Mahatir, ülkesi Malezya'yı 1997 Asya krizinin pençesinden, IMF
reçetesi olmadan çıkaracağını söylediğinde imkânsızın peşinden
koşmakla eleştirilmişti. Siyasi popülaritesi o yıllarda yüksek olan
Mahatir Muhammed, IMF'siz kriz yönetimini başararak, ilham kaynağı
oldu.
Türkiye ise 1999 sonunda temelleri atılan, 2000 başında devreye
giren ve 2001 Şubat'ında hem de IMF kontrolünde iken krizle
sonuçlanan acı tecrübeden sonra, 2002'den itibaren farklı bir çaba
sergiledi.
2002-2008 arasında AK Parti iktidarı, IMF ile çalışmak zorunda
kaldı. Fon'un, insanı göz ardı eden katı politikalarına karşı
Türkiye, sosyal programları ve büyüme odaklı yaklaşımları ön plana
çıkarmayı başardı. 10 yıl önce (2008) Stand-By defterini kapatan
Ankara, 5 yıl önce de (2013) IMF'ye olan borcun tamamını ödedi.
Piyasa dediğimiz, küresel para akışını yöneten merkezler, bilek güreşi yapmayı da bilek bükmeyi de severler.
Dışa açık ekonomilerde, iç tasarrufların yeterli olmadığı durumlarda, piyasaların beklentilerini siyasi iktidarlara dayatmaları bilinen bir gerçektir.
Tıpkı bugün Türkiye'de yaşandığı gibi. Sığ piyasada kurları tetikle, dış kaynak girişini azalt, merkez bankasını "faiz şoku vermeye" zorla! *** Cumhurbaşkanı Erdoğan'ın, iç ve dış zorlamalara yönelik tavrını cümle âlem biliyor. Diklenmeden dik durmak.
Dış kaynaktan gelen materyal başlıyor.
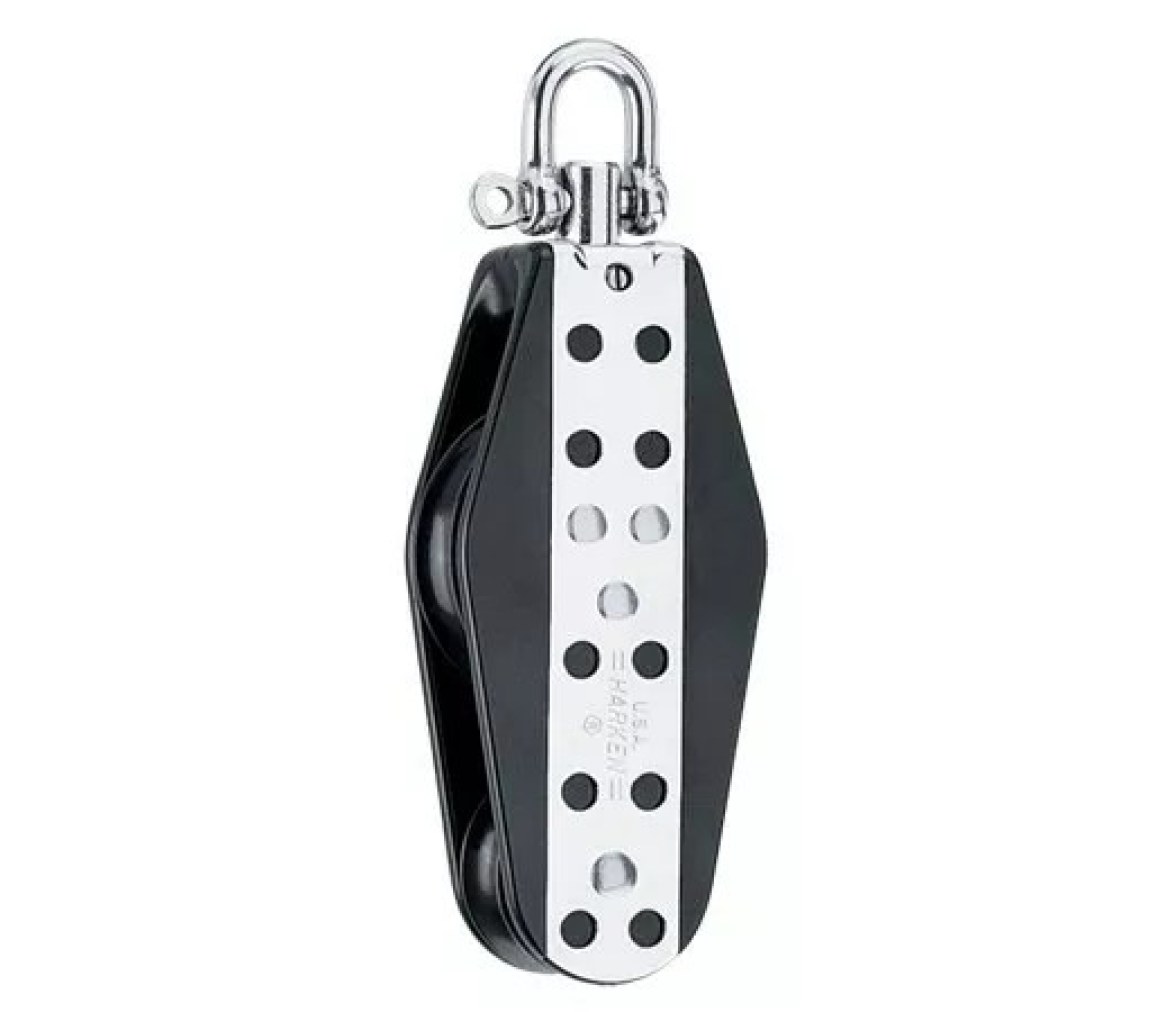 Harken 1559 Polea de violín 76 mm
Böyle türbülans anlarında Cumhurbaşkanı, istişareye her zamankinden daha fazla önem veriyor, hatta bazen içine sinmese de esnek kararlar alabiliyor. Bugün, sade vatandaşın günlük hayatına da tesir eden kur hareketlenmesinden türeyen yığınla söylemle karşı karşıyayız.
Olgudan çok algının ağır bastığı böyle durumlarda, ekonomiyi "psikolojik faktörler" belirliyor.
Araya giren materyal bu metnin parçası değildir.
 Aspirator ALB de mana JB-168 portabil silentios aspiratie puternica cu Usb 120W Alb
ABD'de para ile ilgili kuruluşların çoğunda psikolog istihdam edilmesi de bu açıdan şaşırtıcı değil. Seçime kadar geçecek 33 günü "piyasayı gözeterek ama piyasa dayatmasına teslim olmadan ve rasyonel önlem almaktan çekinmeden" tamamlamalıyız.
Seçimin ardından, Cumhurbaşkanı Erdoğan'ın, siyasi doktrinine uygun bir ekonomik program yazılması ya da mevcut programın seçimin galibinin siyasi tercihlerine göre düzenlenmesi mutlak gereklilik.
"Faiz-Enflasyon ilişkisini", "Yerli para ile dış ticareti", "Altına dayalı rezerv yönetimini" mevcut program altında hayata geçirmekte güçlük çekiyorsak, dünyaya anlatacak ve piyasaları ikna yeni bir programa ihtiyaç var demektir.
Özetle... Türkiye'nin seçimi, ekonomide de bugünkü operasyonlara karşı dik duracak yeni ekiplerin, yeni tercihlerin, yeni reçetelerin seçimi olacak.
Ve son nokta...
AK Parti'nin dün açıklanan milletvekili listeleri, 300'ün üzerinde vekil hedeflendiğini, ekonomi ile ilgili takımın veya anlayışın değişeceğini, sadakat-liyakat dengesinin kurulduğunu gösteriyor.